OK, I have a few things to get off my chest today for this intro dealie. Don't mistake this as me suddenly getting my ass into gear and preparing ahead of time; that's only for the game appraisals. These intros are very much off the cuff, but occasionally something interesting will happen (by a certain limited definition of the word) and I'll have something to write about.

The first is that there are apparently spambots out there who are copying my title/text before tossing in the requisite links to colorjet printers that can get make you erect for six hours, presumably because I've been successfully spamming the forums for weeks now and they're all getting ideas. If you start reading one of these May Mastery blogs and I suddenly sound a lot more erudite and insightful than usual, maybe hit that flag button just in case. No, don't hit it now. I'm still me. I think? (Man, that The Swapper playthrough really did a number on me.)

The second is that I watched Mad Max: Fury Road today, and am happy to join the thousands of other internet voices in your cyber-ear in highly recommending it. It feels like a proper old-school action movie, the sort of romp you could only expect from the director of Happy Feet 2 Babe: Pig in the City The Road Warrior. It is pretty much that movie in a lot of structural ways, and I think it's been so long since the last one that no-one's able to recall just how weird and uncomfortable those movies are/were. We're used to seeing it through a filter of the massive amount of pop culture it inspired since the previous movie, Mad Max Beyond Thunderdome, was released 30 years ago. Heck, we just saw a massively popular fighter game release last month with a Master Blaster ersatz. Mad Max has always been about the sheer depravity of a completely lawless society, and the handful of people still yearning for sanity in a world where it's become as precious and rare a commodity as water and gasoline. Anyway, movie's great, you should go see it. And don't worry about those MRA goons, they clearly don't recall Tina Turner's ruthless but even-handed Aunty Entity, or Virginia Hey kicking ass in that white armor get-up. Max has always shared the limelight with tough-as-nails female characters who always seem to want to kill him the first time they encounter him.

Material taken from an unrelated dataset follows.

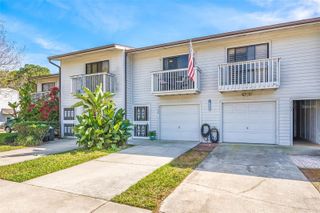 6264 92ND PL N 3104, Pinellas Park, FL 33782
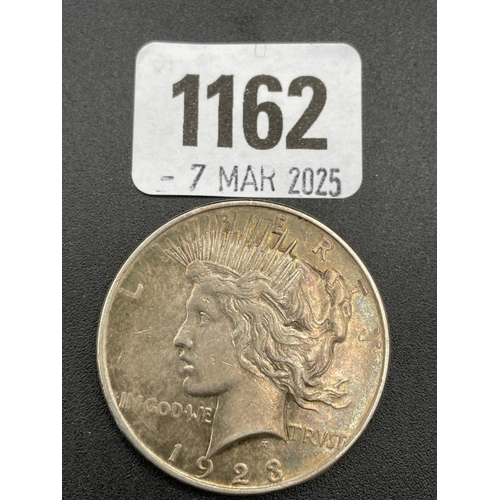 Lot 1162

(Also, I'm looking forward to that Mad Max game from the Just Cause creators even more now. Feels like I'm ready to jump back into that out-there outback.)

Claire

No Caption Provided

Talking of hardy female characters, Claire is a 2D side-scrolling Indie horror game that wears its Silent Hill inspiration on its sleeve. In that respect, it's very similar to the equally disquieting and perplexing Lone Survivor by Jasper Byrne. Claire might go even further with the Silent Hill parallels, including maps that edit themselves to account for blockades and locked doors, transitions that suddenly turn banal environments into creepy and potentially dangerous ones, and a stock of healing items that seems to deplete as quickly as it grows while exploring.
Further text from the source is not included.